Ante la advertencia de Asiz, Turan sacudió la cabeza con una sonrisa sin sentido.
Desafortunadamente, tenía que tomar un barco a través de esas olas.
Su destino era el Desierto Enril, tierra de Zahar, al que se llegaba navegando hacia el sureste durante un buen tiempo.
“Bueno, no eres un niño— no, eres joven, pero de todos modos eres más maduro que yo, así que estarás bien. Cuídate. No mueras.”
“Cierto.”
Turan abrazó a Asiz una última vez antes de salir de la mansión.
Era verdaderamente hora de dejar el nido ahora.
* * *
Al salir de la ciudad de Zabilin, Turan sintió el frío viento otoñal envolviendo su rostro.
Los campos de trigo de las Llanuras Dakein, que antes se extendían en color dorado, ya habían sido cosechados, dejando solo rastrojos.
Debió haber sido a finales del verano cuando bajó por primera vez al mundo, pero ahora el invierno estaba a la vuelta de la esquina.
Turan corrió hacia el este utilizando el método de respiración adecuado para correr largas distancias que Haram le había enseñado.
Dos grandes exhalaciones y dos inhalaciones que coincidían con el ritmo de sus pasos.

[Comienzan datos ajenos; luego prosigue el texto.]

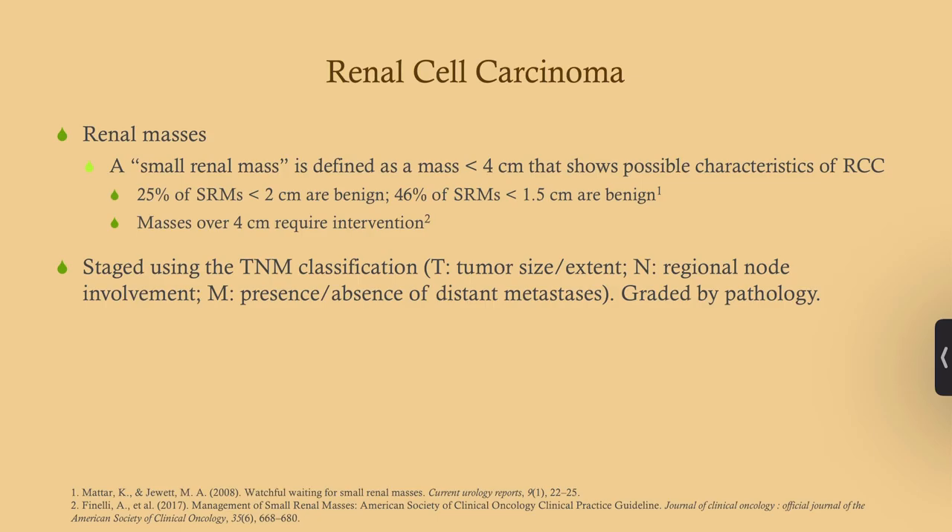Renal cell carcinoma is a renal mass, but not all renal masses are malignant, so you have to determine whether a mass is benign or malignant. The majority of solid renal masses are in fact malignant. If you have a small renal mass less than four centimeters, it is more likely malignant. If it's under two centimeters, 75 percent are malignant. Under one and a half centimeters, it's about a 50-50 chance. The bigger the mass, the more likely it is to be cancer.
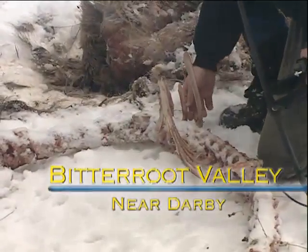Broadly, the goals of the study are to better understand why there has been poor calf recruitment in Hunting District 250.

Gracias a la fuerza de las piernas de sus muslos ahora mucho más gruesos, su cuerpo avanzaba como si el suelo lo empujara hacia adelante.
La velocidad era tal que nadie podría atreverse a alcanzarlo a menos que fueran nobles de Arabion volando por el cielo o tuvieran habilidades de movimiento similares.
Los viajeros que pasaban por varias partes de las llanuras o los equipos de patrullas de magos ni siquiera podían preguntar qué estaba haciendo Turan al verlo, incapaces de seguirle el ritmo.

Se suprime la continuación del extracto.